The clocks at which various parts of the card are operating change dynamically based on load, temperature, power supply, etc. Idle or lightly loaded components will clock down, including the PCIe interface. This is all designed to wring maximum performance from the silicon given that performance increases between silicon processing generations have become small (a.k.a. Moore’s Law is dead)
To my knowledge, there are no user-controllable knobs for either GPU power-state management or boost clock selection, but operating at lower temperatures often allows higher boost clocks.
On Teslas there used to be the ability to set fixed application clocks. Not sure whether that capability still exists. The basic idea was to ensure that all GPUs in a cluster can be forced to run at the same speed. If I recall correctly, application clocks have never been applicable to consumer cards like the RTX 2080.
Not sure what you mean by “overhead”. Do you mean a delay from when relevant input parameters change to when the power state switches? By observation, there is some amount of hysteresis in the state switching. The details of the state management are not publicly disclosed and may change with GPU BIOS and driver version for all I know. One could guess that the state management uses some sort of PID control to smooth out state transitions.
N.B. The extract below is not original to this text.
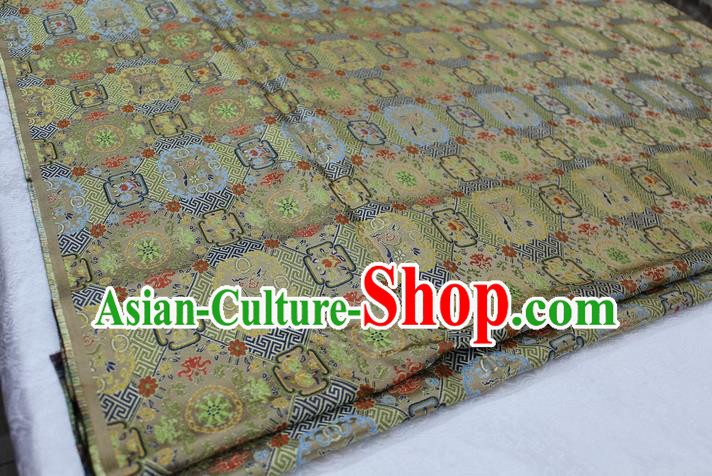 Chinese Traditional Ancient Costume Palace Pattern Mongolian Robe Cheongsam Ginger Brocade Tang Suit Fabric Hanfu Material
I am not sure why the power management for your card does not get into P0 state, or whether P0 state is even supported for your card. I have two Quadros here, one of which is a Quadro RTX 4000 (so also based on Turing architecture), and under continuous heavy load both currently operate at P0, with one running at 79 deg C and the other running at 85 deg C.
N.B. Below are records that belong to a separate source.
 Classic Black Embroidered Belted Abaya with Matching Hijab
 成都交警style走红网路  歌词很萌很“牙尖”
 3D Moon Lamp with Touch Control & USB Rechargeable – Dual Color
In general it is not possible to get exactly repeatable performance out of a modern GPU unless you can replicate all environmental factors exactly, which generally is not possible in practice. This doesn’t mean that all performance variations you observe at the application level are necessarily due to this, in particular not if the application uses random data in any part of the processing.
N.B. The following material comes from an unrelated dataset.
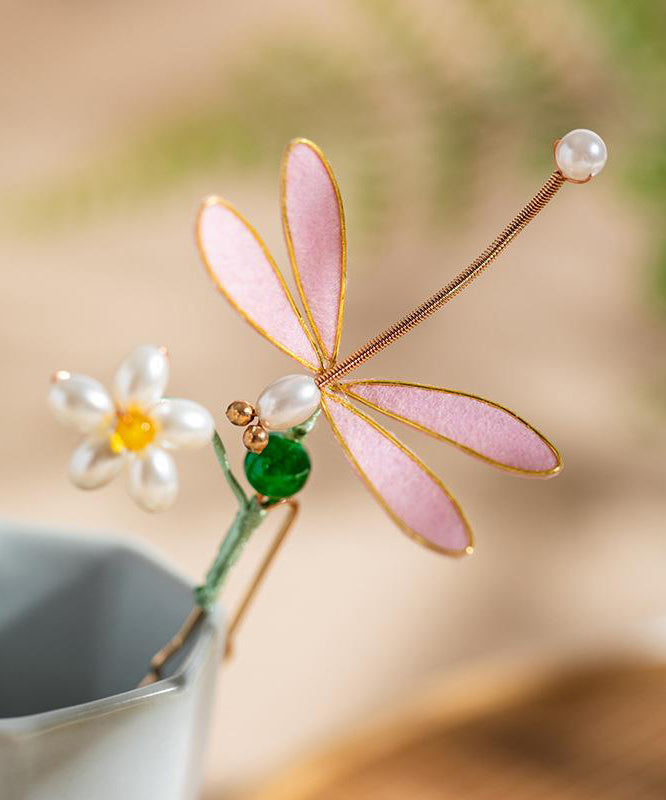 Women's Rose Hair Clip Pearl Enamel Alloy - OutfitLondon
Benchmarking in the presence of performance fluctuations has been an issue for a long time. One common strategy is to report the fastest of N identically configured runs.
you may find suggestions for tweaking things via the control panel
I have never discovered anything relevant to compute performance in the control panel. Maybe there are some undocumented registry keys somewhere that people have reverse engineered, but I am not aware of any.